12.00AM: Interrupted by door to door salesman, thus killing my efficiency. Time to release the hounds.

12.20PM: I suspect this isn’t a memory leak, but just my debug output backing up bigtime because every time I create a blast glare effect (also used for non-penetrating shield impacts), I tell the debugger about the texture I used. Clearly this code is inefficient anyway, because with dozens of the smaller glares I need to have that texture cached, not be looked up so often. The game now shuts down fine in debug, but I need to fix the underlying inefficiency. In fact, it’s worse than I thought. I need a newer, efficient system for shield impacts

12.35PM: Works fine but forgot the original texture was a quadrant and this one needs not to be. redoing it… Also just spotted a graphics glitch with the conĀ  trails pulsing on and off.

12.45PM: Having crash issues when trying to do some profiling, Grrrr. I will mull it over some wii-jogging and a cup of tea.

1.30PM: Still can’t get profiler to not crash. Time for tea.

2.20PM: it now crashes somewhere else. progress?

2.50PM: Sod it, I have a workaround, and bugs to fix. some lights in the wrong places, and an idea on how to make drawing running lights faster if they are zoomed out. (check rendered size > 1 pixel BEFORE checking if onscreen, which takes longer).

3.30PM: The debug copy no longer links. some obscure ANNOYING linker error to do with debug and not debug Microsoft crap. Very tedious and I’m not getting actual game stuff done :(

4.14PM: Think it’s fixed, plus I tracked down the flashing con trials bug. It was me not setting the render mode correctly before I drew them, and them getting drawn early if they filled up a vertex buffer before I was ready to render them all. Good old Nvdia perfHUD was my saviour. Now back to coding fun stuff.

6.25PM: Finally got the linking stuff fixed by a total wipe and rebuild. Grrrr. Next on the agenda is adding some better parallax effects, which are a nightmare with 2D + zoom + variable screen res and scrolling.

Changing some shield stuff

I did a fair bit of speedup code today, added a new ship, then put some effort into the shield effects. The old graphcis were 512px square, which is pretty big with mipmaps.

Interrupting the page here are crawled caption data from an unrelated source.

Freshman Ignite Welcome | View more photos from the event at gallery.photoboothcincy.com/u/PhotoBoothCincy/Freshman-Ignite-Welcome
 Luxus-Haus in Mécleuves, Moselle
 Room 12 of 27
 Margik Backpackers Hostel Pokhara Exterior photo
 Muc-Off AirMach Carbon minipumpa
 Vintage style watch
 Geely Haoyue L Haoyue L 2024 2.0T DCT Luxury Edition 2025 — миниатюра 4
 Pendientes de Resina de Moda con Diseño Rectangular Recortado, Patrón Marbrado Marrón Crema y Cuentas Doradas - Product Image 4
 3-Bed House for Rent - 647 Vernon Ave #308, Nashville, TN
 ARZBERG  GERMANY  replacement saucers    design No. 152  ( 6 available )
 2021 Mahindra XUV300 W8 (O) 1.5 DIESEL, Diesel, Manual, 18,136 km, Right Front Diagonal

A basic test showed 1024 px images looked noticeably better, but they get pretty big filesize wise.

So I did what lots of games did, and cut the images down to quarters, and in code I mirror/flip them to draw all four quarters of them. It’s an old trick to save filesize. There’s an image below showing it in game, and file itself.

I also added support for different shield graphics for different races, so you have aliens with their funny foreign-colored shields :D


Optimising day

I’m taking an afternoon to optimise all the code that I added recently. A lot of stuff that makes the game looks cool was being done in a really inefficient way. In some cases, it was a matter of remembering to check somethings onscreen before going to any effort to draw it. In other cases, it’s a matter of caching data.

Caching means ‘keeping a copy of’ effectively. If I ask you the date, and you tell me, I could then ask you the date in 5 minutes time, or I could make a note of the information you gave me earlier, and not bother you. A lot of optimising comes down to caching data. In this case, I was calling the cos() (cosine) function several times in short succession, and getting the same answer. sin() and cos() are pretty slow, if you call them several thousand times a frame, so it really makes sense to cache them.